Ceci étant c’est toujours un travail inachevé, comme dans la chanson grise
verlainienne (j’adore Verlaine !), inachevé car inachevable ! C’est sur ce point, oui, que je
retrouve cet effort d’humilité dont tu parles. Et c’est là une tension. Il y
a quelque chose de céleste dans la musique, comme un envol, mais nous ne
pouvons regarder le ciel qu’à partir de l’ici-bas, qu’à partir de cet
« être-peu » que je nomme dans Le sang le soir, cet « être-peu » qu’il faut
assumer. Oserais-je dire qu’il faut fouiller l’humus au plus profond pour envisager le ciel. Le poème s’écrit
(et s’écrie) les mains pleines de terre autant que de sang. Plus
justement : le poème s’écrit les mains propres de terre, car la terre est le propre de l’homme. Il faut
tenter d’atteindre cette justesse… inaccessible. J’ai suggéré dans Survivre
et mourir que le poème au fond c’est l’impossible. Comme la musique
elle-même peut-être. Le poème n’est que l’ombre du poème. La musique n’est
que le soupçon de la musique. Mais le poète doit affronter l’impossible et
l’échec lui-même.

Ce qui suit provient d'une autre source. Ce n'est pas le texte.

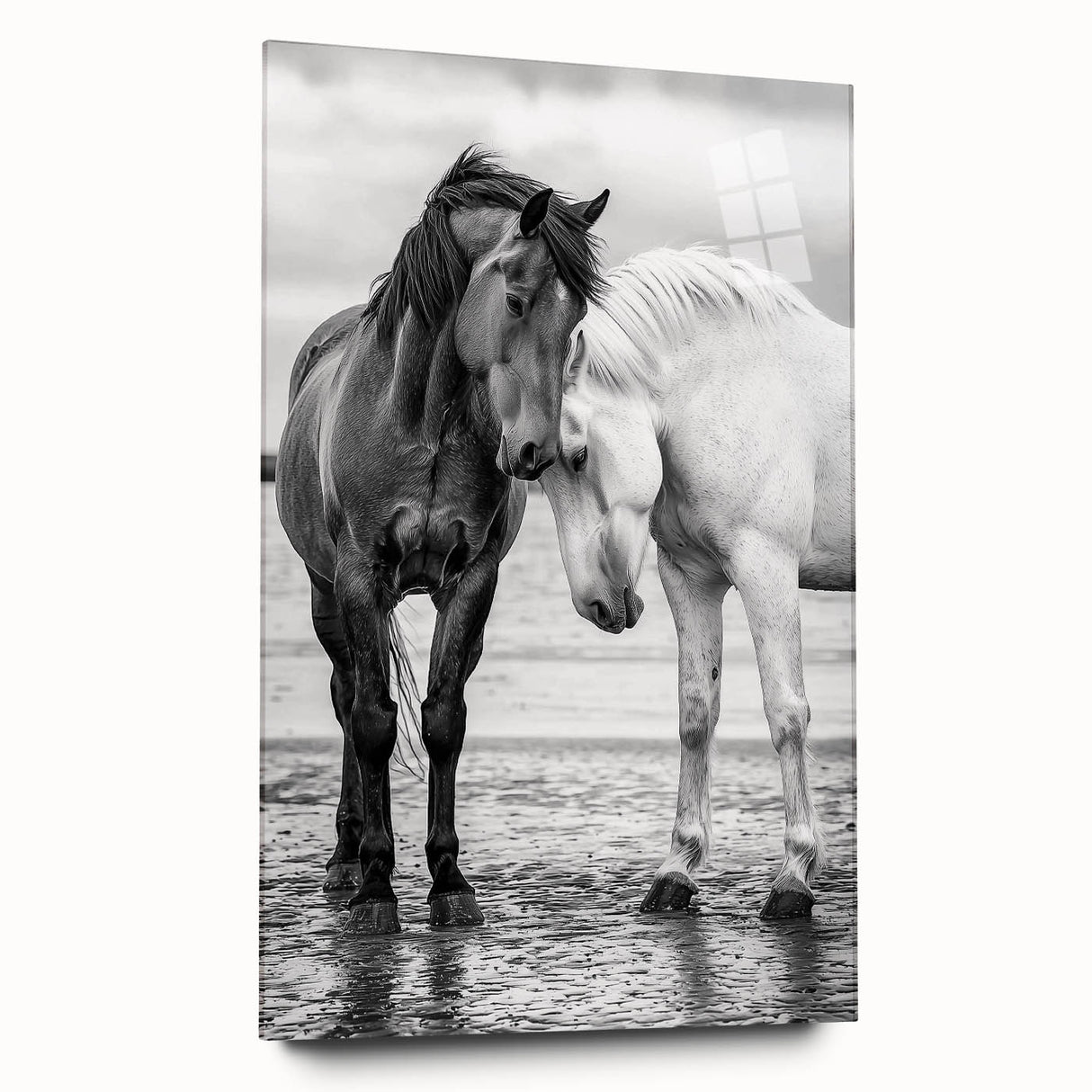 Acrylic glass display showcasing a vibrant design of 50 stylized animals, featuring bright colors and intricate details, ideal for modern home decor or art lovers.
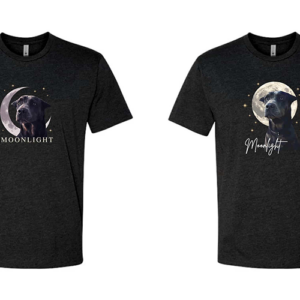 Limited Edition Moonlight unisex T-shirt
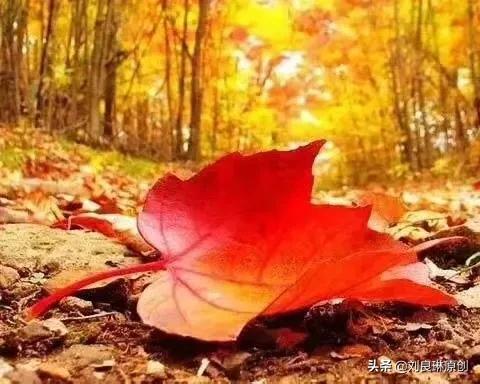 我对的对联在哪里找到,我对的对联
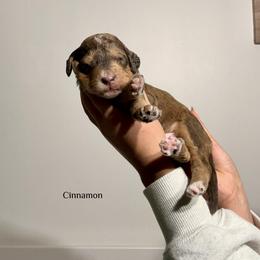 Cinnamon - Sable male Bernedoodle puppy in Pennsylvania from Bells Bernedoodles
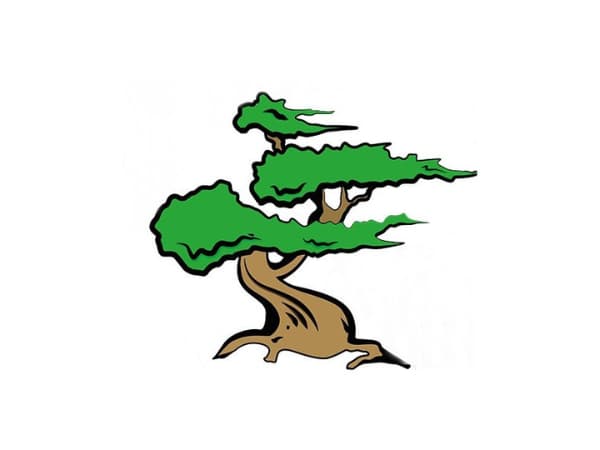 Curso iniciación Bonsai Granada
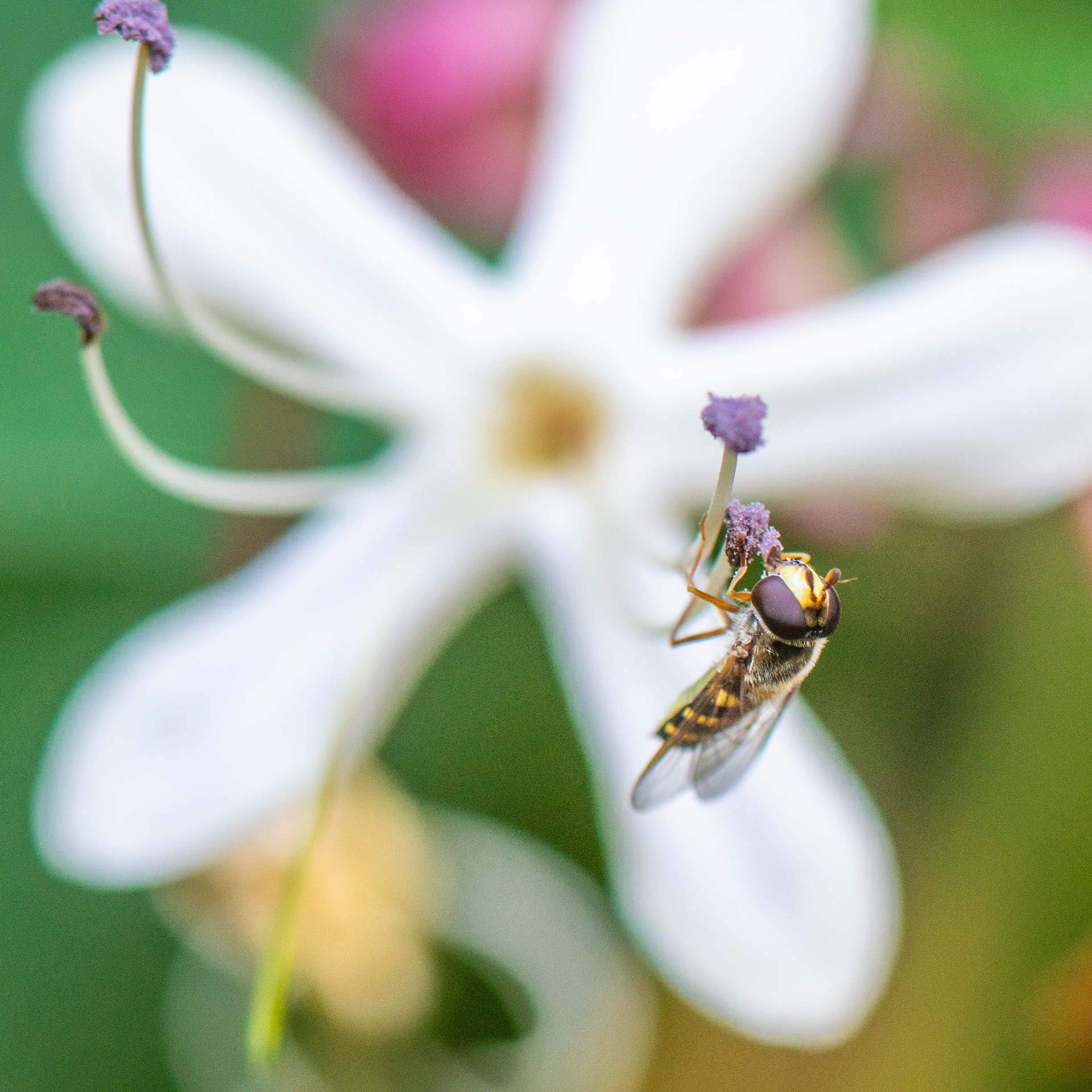 washington park, portland 2024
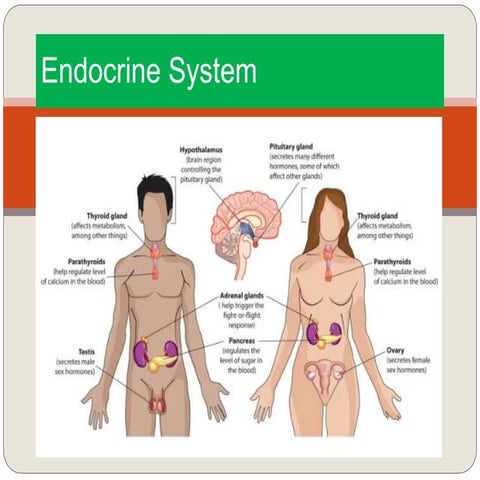 Endocrine System @.pptx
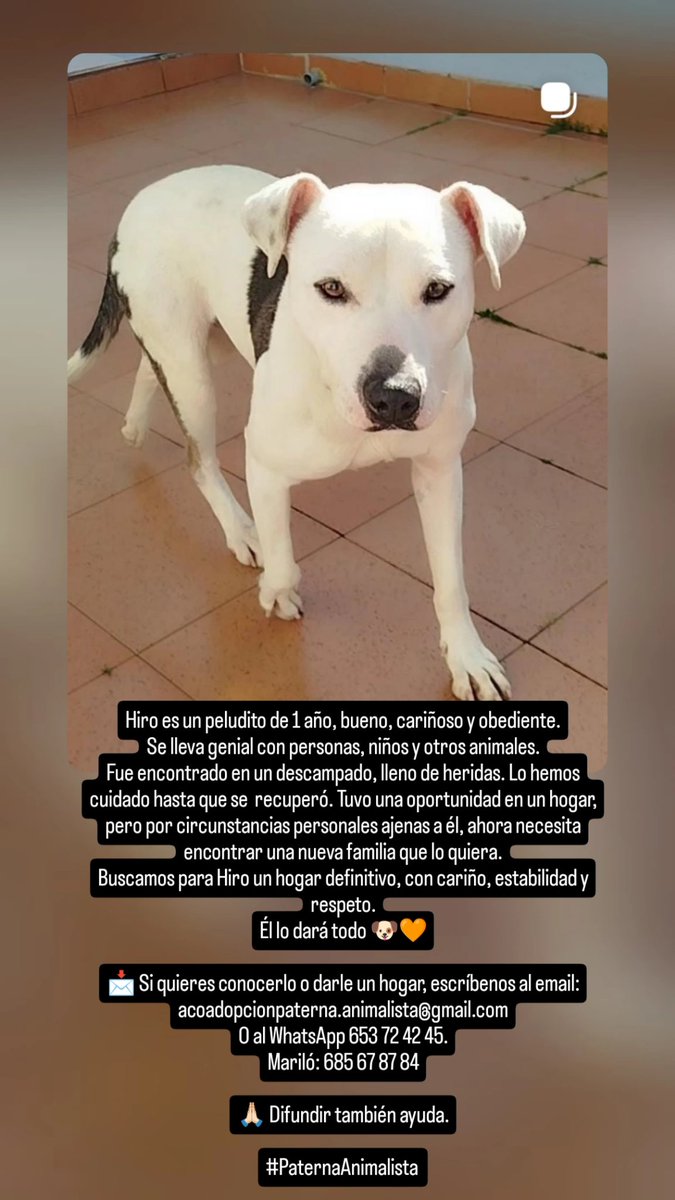Este amigo necesita nuestra ayuda, vuestra ayuda. ¿Le echamos una patita para encontrar un hogar? Dad mucha difusión por favor.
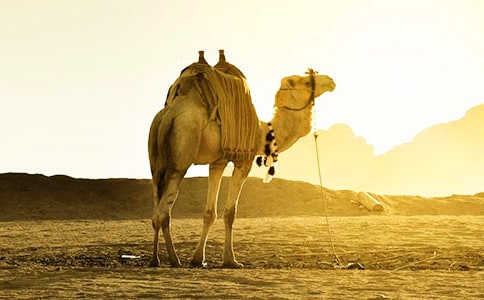 《找駱駝》教案(15篇)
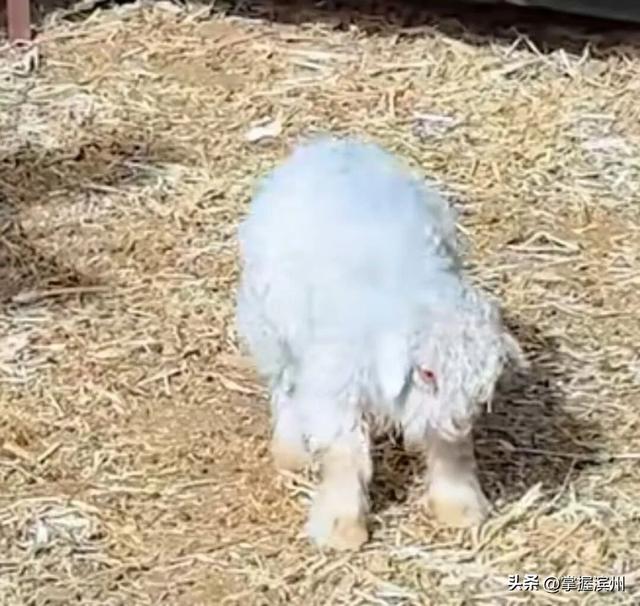 “装死”小羊身价飙至30万，专家：“装死”非“演技	”在线，系因遗传缺陷	，可以人工繁殖更多只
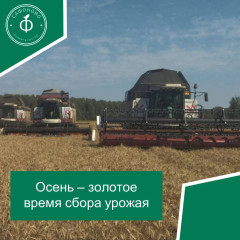 осень – золотое время сбора урожая - фото - 1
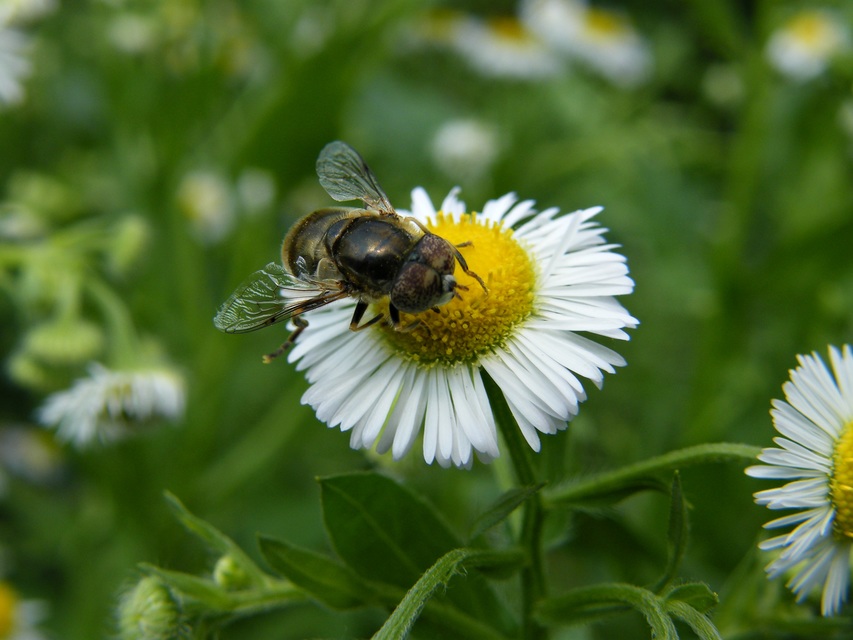 Eristalinus aeneus - bronzos foltosszeműlégy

J’aime rappeler cette phrase de
Cadou : « Je ne conçois pas la poésie sans un miracle d’humilité à
la base ». Et je terminerai par cette citation
qui m’a véritablement convoqué à l’écriture il y a déjà si longtemps. « Avec
des mots chantés à voix profonde et douce Avant
qu’un peu de terre emplisse notre bouche Confier
à la vie notre lucide amour C’est
là notre travail sans trêve et notre fête Notre
raison de vivre et de mourir poète Notre
ultime et divin recours Guy-Charles Cros Je crois, vraiment, que ces deux citations
répondent beaucoup mieux à tes questions que je ne l’ai fait avant.